The Freedom Report's online archives only go back to 1999, but I was curious to see older editions of Paul's newsletters, in part because of a controversy dating to 1996, when Charles "Lefty" Morris, a Democrat running against Paul for a House seat, released excerpts stating that "opinion polls consistently show only about 5% of blacks have sensible political opinions," that "if you have ever been robbed by a black teen-aged male, you know how unbelievably fleet-footed they can be," and that black representative Barbara Jordan is "the archetypical half-educated victimologist" whose "race and sex protect her from criticism."
At the time, Paul's campaign said that Morris had quoted the newsletter out of context. Later, in 2001, Paul would claim that someone else had written the controversial passages. (Few of the newsletters contain actual bylines.) Caldwell, writing in the Times Magazine last year, said he found Paul's explanation believable, "since the style diverges widely from his own."
Finding the pre-1999 newsletters was no easy task, but I was able to track many of them down at the libraries of the University of Kansas and the Wisconsin Historical Society. Of course, with few bylines, it is difficult to know whether any particular article was written by Paul himself. Some of the earlier newsletters are signed by him, though the vast majority of the editions I saw contain no bylines at all. Complicating matters, many of the unbylined newsletters were written in the first person, implying that Paul was the author.

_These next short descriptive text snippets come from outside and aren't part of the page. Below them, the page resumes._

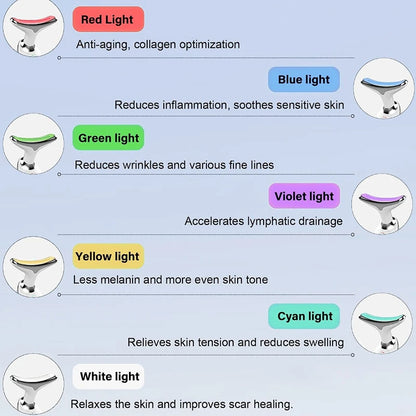 7-Colour LED Neck & Face Lifting Device – EMS Skin Tightening & Anti-Aging Massager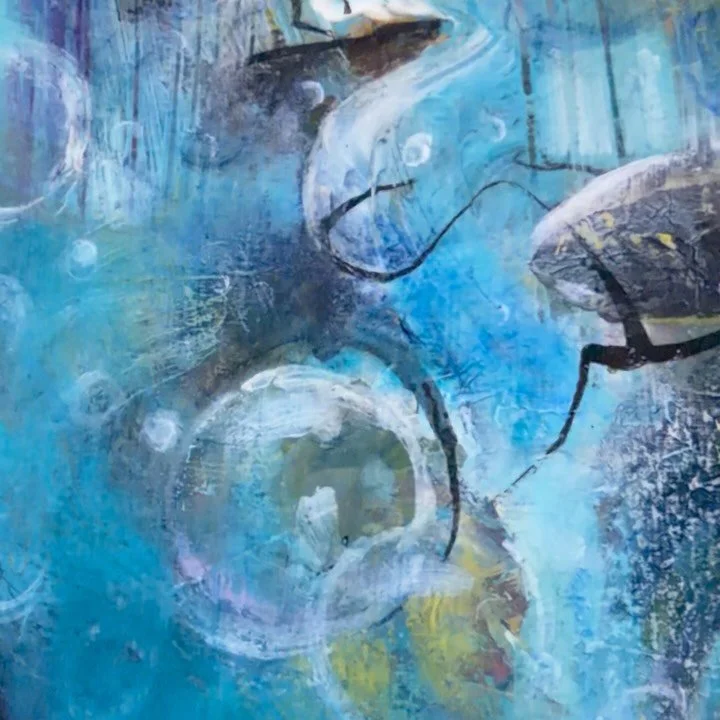 I just added a final UV varnish coat to this painting In The Deep. The last step is the best step, the varnish. Just look at the depth of color. it creates and protects the painting from sunlight so it stays vivid for years. These paintings and other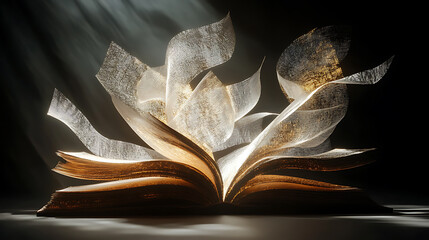Poster - open book with flying pages and magical light rays on dark background generative ai concept digital painting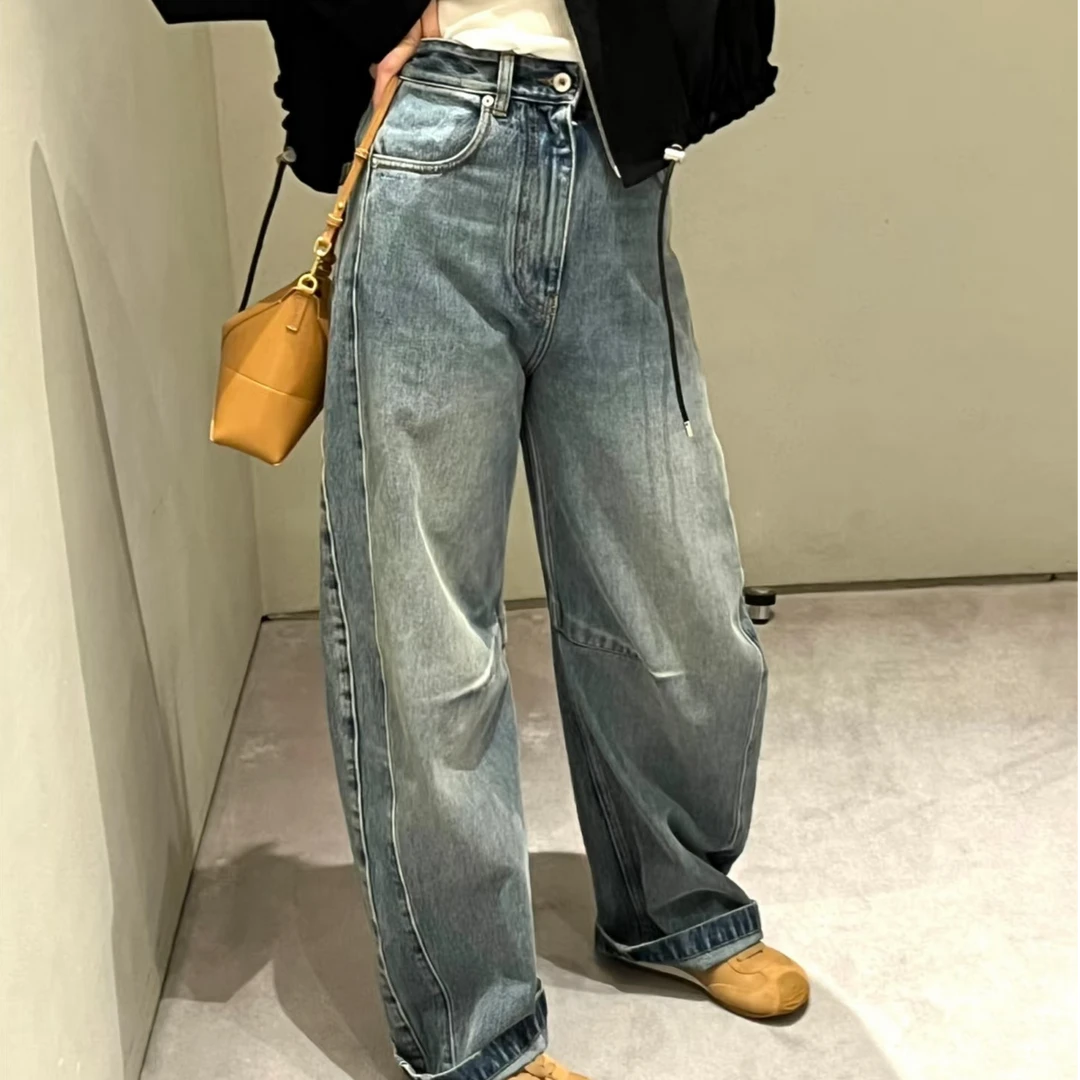 【LJ】罗家新款拖地弯刀牛仔裤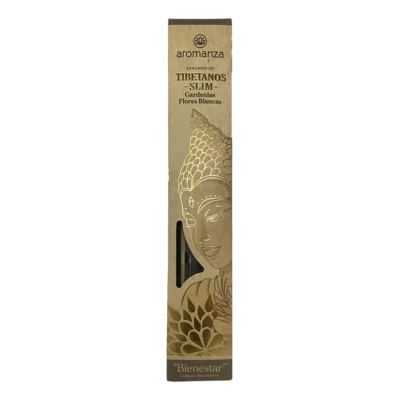 SAHUMERIOS TIBETANOS SLIM GARDENIAS FLORES BLANCAS "BIENESTAR" X10 - AROMANZA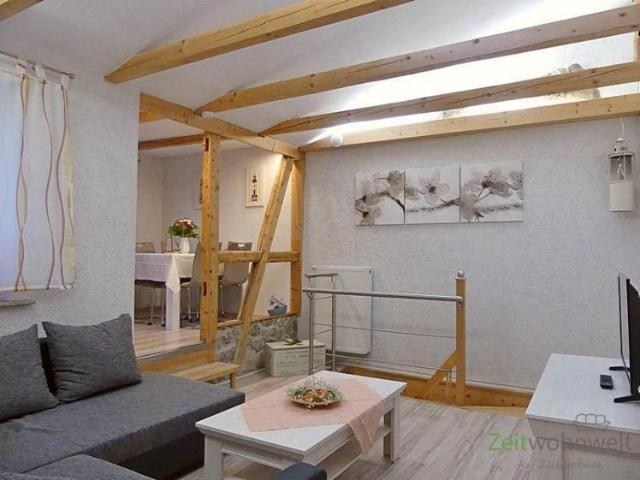 EF0446_M Erfurt: Gispersleben, neu möblierte Wohnung über 2 Etagen, ruhige Lage, Dachbalkon, 2x Bad/WC, WLAN inklusive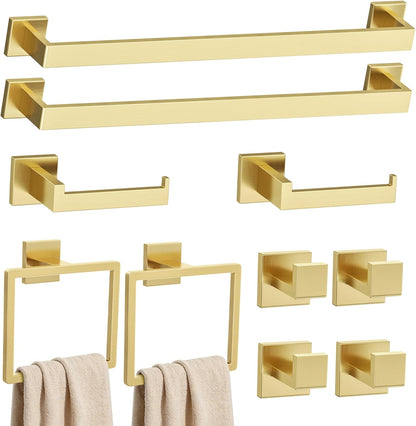 Brushed Gold Towel Bar Set 10-Piece Gold Bathroom Hardware Accessories Set,Stainless Steel Towel Rack Set for Bathroom Wall-Mounted,23.6-Inch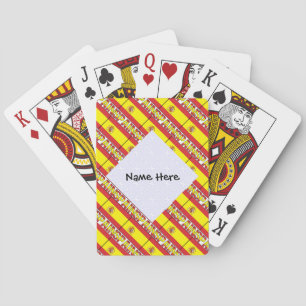 Spain Spanish Flag Tiled Personalized Name Poker Cards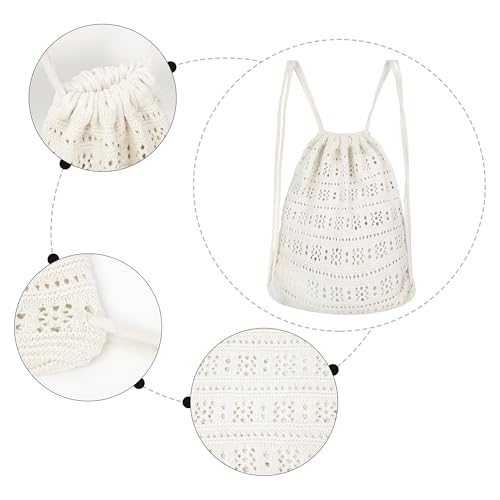Lobagve Handmade Crochet Cotton Drawstring Backpack Boho Purse Leisure Daypack - color: Hollow Out-white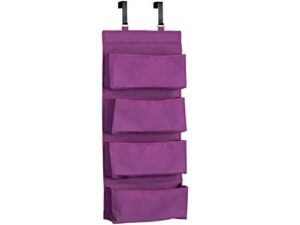 ynr new 4 section over door hanging wardrobe storage unit clothes shoe organiser in polyester polyester (purple)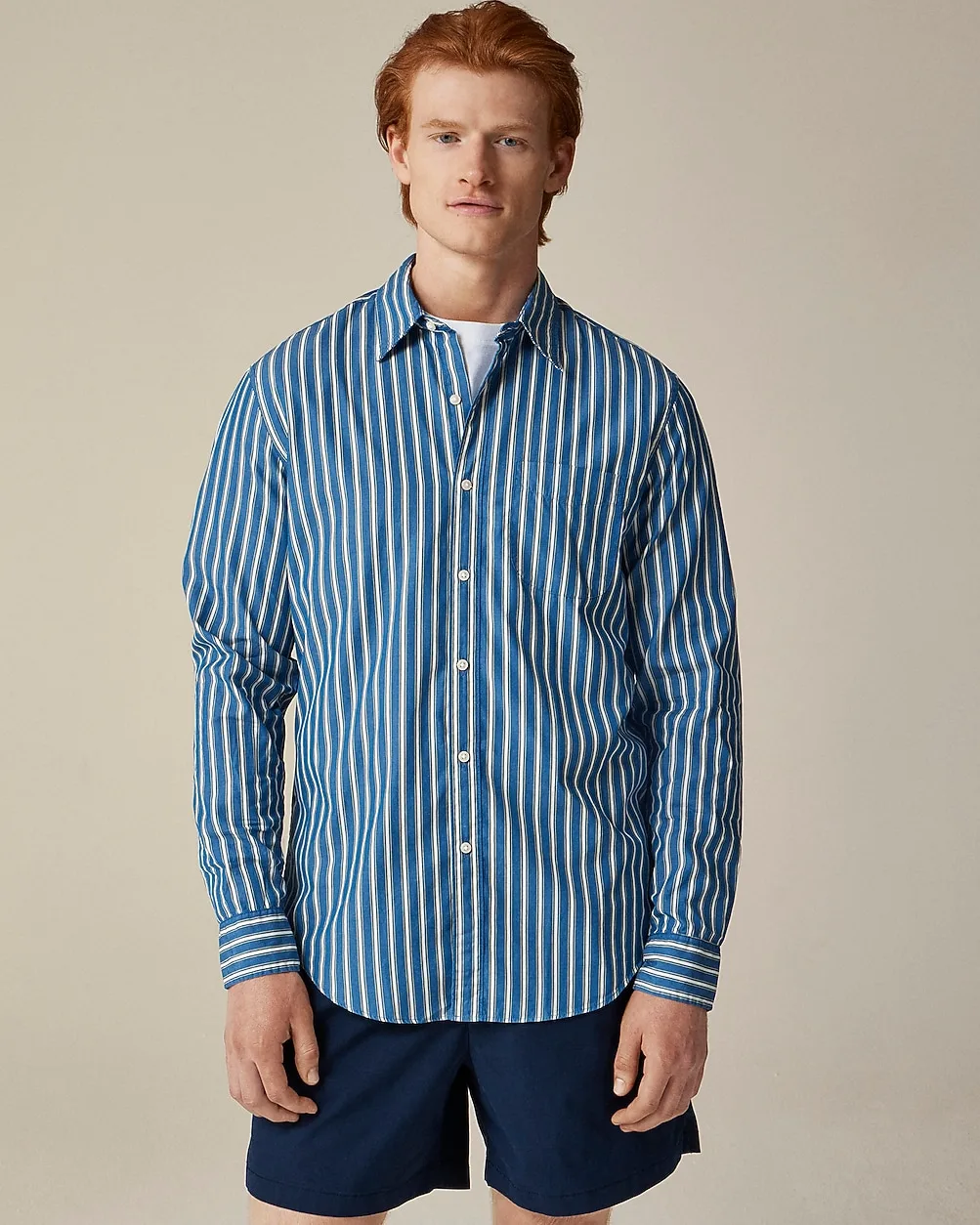 Slim Untucked Secret Wash Cotton Poplin Shirt with Point Collar by J.Crew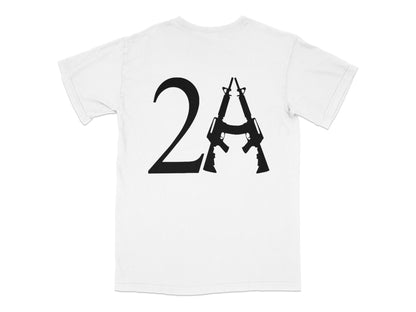 Men's Graphic T-Shirt White Crew Neck Short Sleeve Novelty Gun Design Tee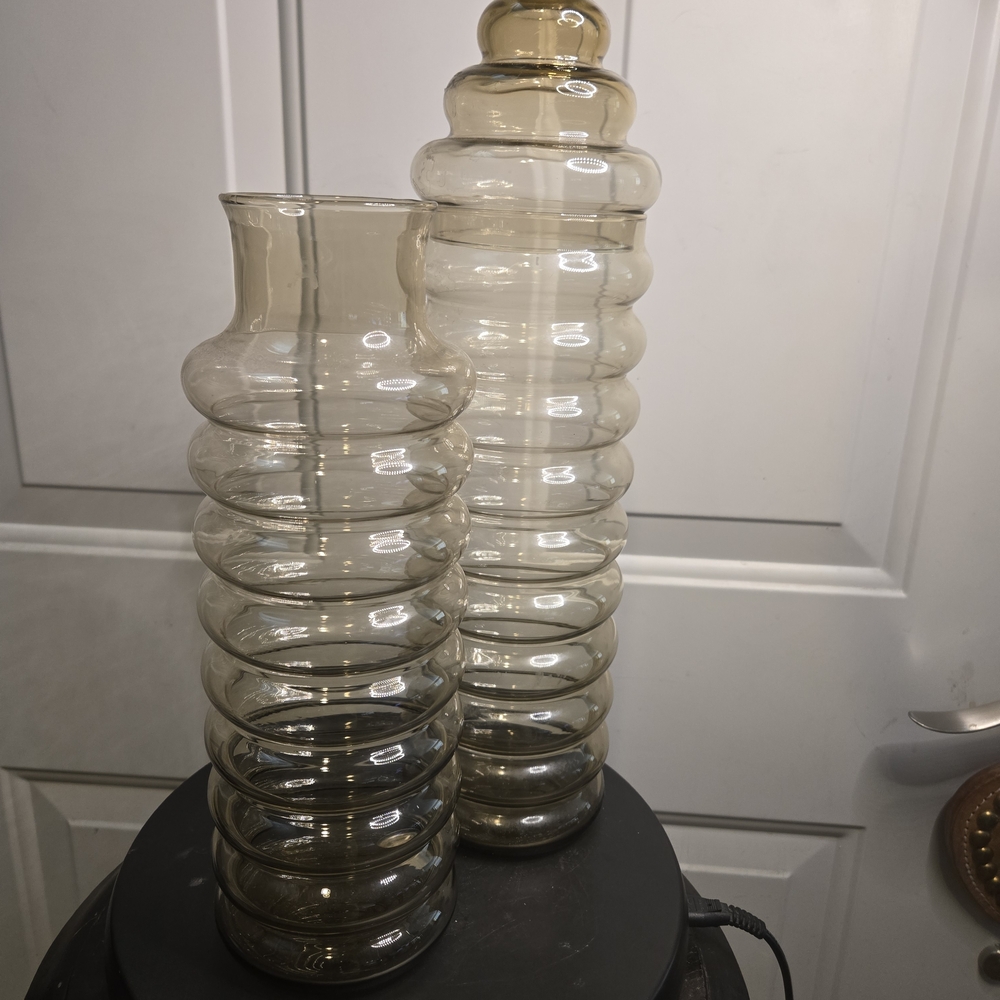 Holmegaard Primula Smoke Glass Lidded Apothecary Jar Spiral Vase Set Of 2 - Picture 5 of 15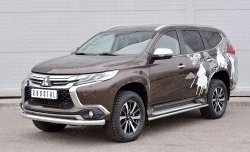 17 549 р. Защита переднего бампера (Ø76 мм, нержавейка) SLITKOFF Mitsubishi Pajero Sport QE дорестайлинг (2015-2021)  с доставкой в г. Москва. Увеличить фотографию 2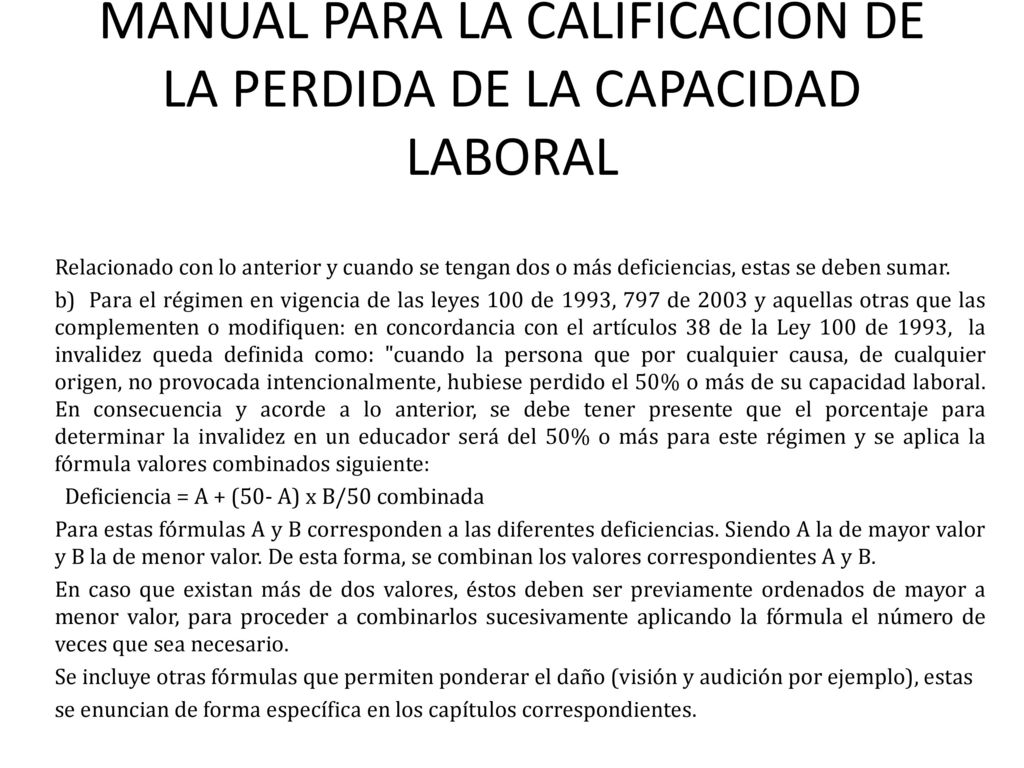 MANUAL PARA LA CALIFICACION DE LA PERDIDA DE LA CAPACIDAD LABORAL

But, whoever actually wrote them, the newsletters I saw all had one thing in common: They were published under a banner containing Paul's name, and the articles (except for one special edition of a newsletter that contained the byline of another writer) seem designed to create the impression that they were written by him--and reflected his views. What they reveal are decades worth of obsession with conspiracies, sympathy for the right-wing militia movement, and deeply held bigotry against blacks, Jews, and gays. In short, they suggest that Ron Paul is not the plain-speaking antiwar activist his supporters believe they are backing--but rather a member in good standing of some of the oldest and ugliest traditions in American politics.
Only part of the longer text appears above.